(DESCRIPTION OF THE TASK) Among the entries below, only the lines from the one with "First Copy Michael Kors Handbag (SW3712)" through the one with "El @PLDenlinea sigue" are to be retyped, exactly and without pictures.

(SOURCE DATA)
· · · · ·
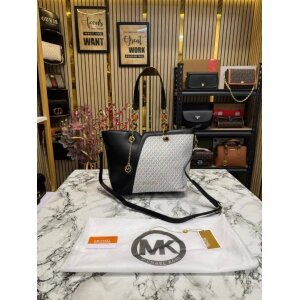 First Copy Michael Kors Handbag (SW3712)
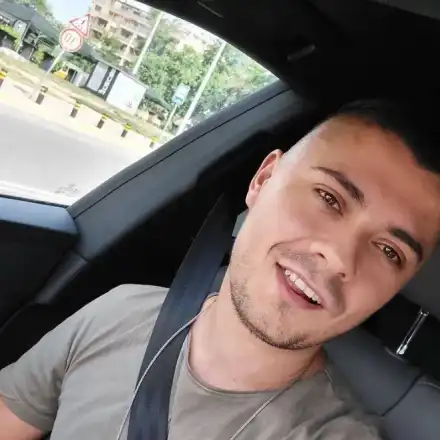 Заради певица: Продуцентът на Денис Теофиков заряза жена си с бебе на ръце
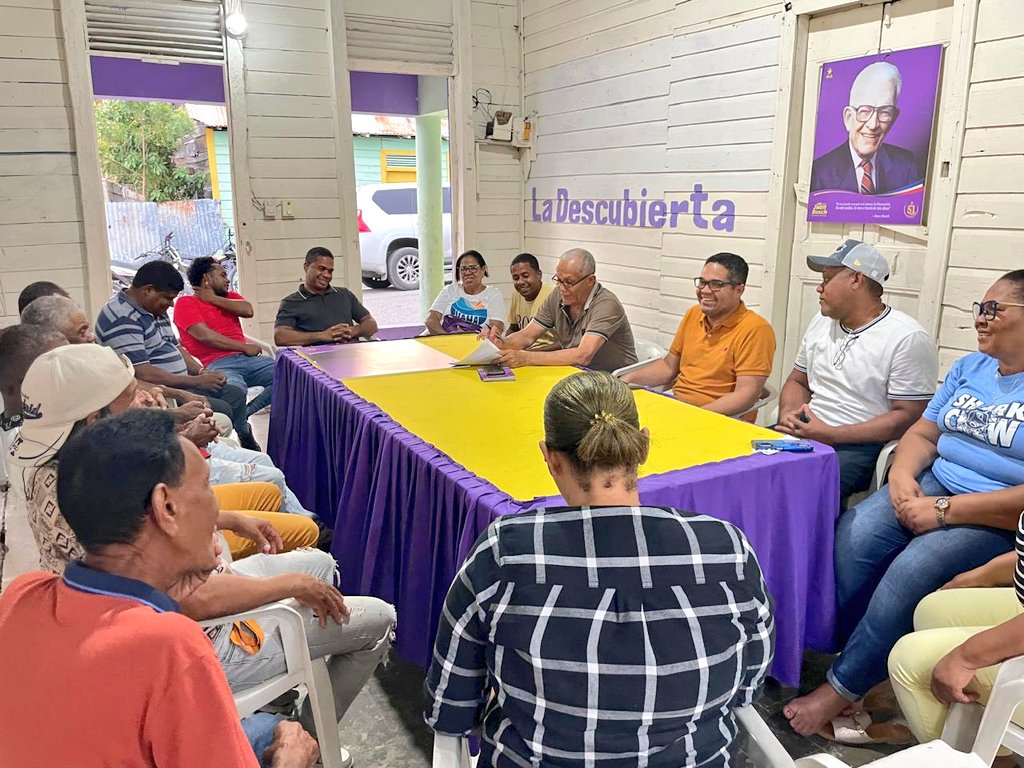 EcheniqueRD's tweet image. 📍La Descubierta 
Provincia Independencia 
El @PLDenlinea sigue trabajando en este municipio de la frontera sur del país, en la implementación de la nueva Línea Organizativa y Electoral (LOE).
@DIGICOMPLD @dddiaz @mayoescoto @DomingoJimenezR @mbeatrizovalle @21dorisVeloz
· · · · ·
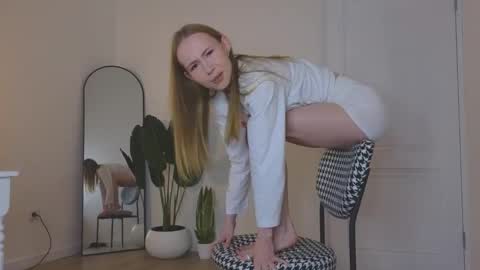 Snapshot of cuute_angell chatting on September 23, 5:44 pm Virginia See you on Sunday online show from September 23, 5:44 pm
· · · · ·
(THE COMPLETED TASK)
 First Copy Michael Kors Handbag (SW3712)
 Заради певица: Продуцентът на Денис Теофиков заряза жена си с бебе на ръце
 EcheniqueRD's tweet image. 📍La Descubierta 
Provincia Independencia 
El @PLDenlinea sigue trabajando en este municipio de la frontera sur del país, en la implementación de la nueva Línea Organizativa y Electoral (LOE).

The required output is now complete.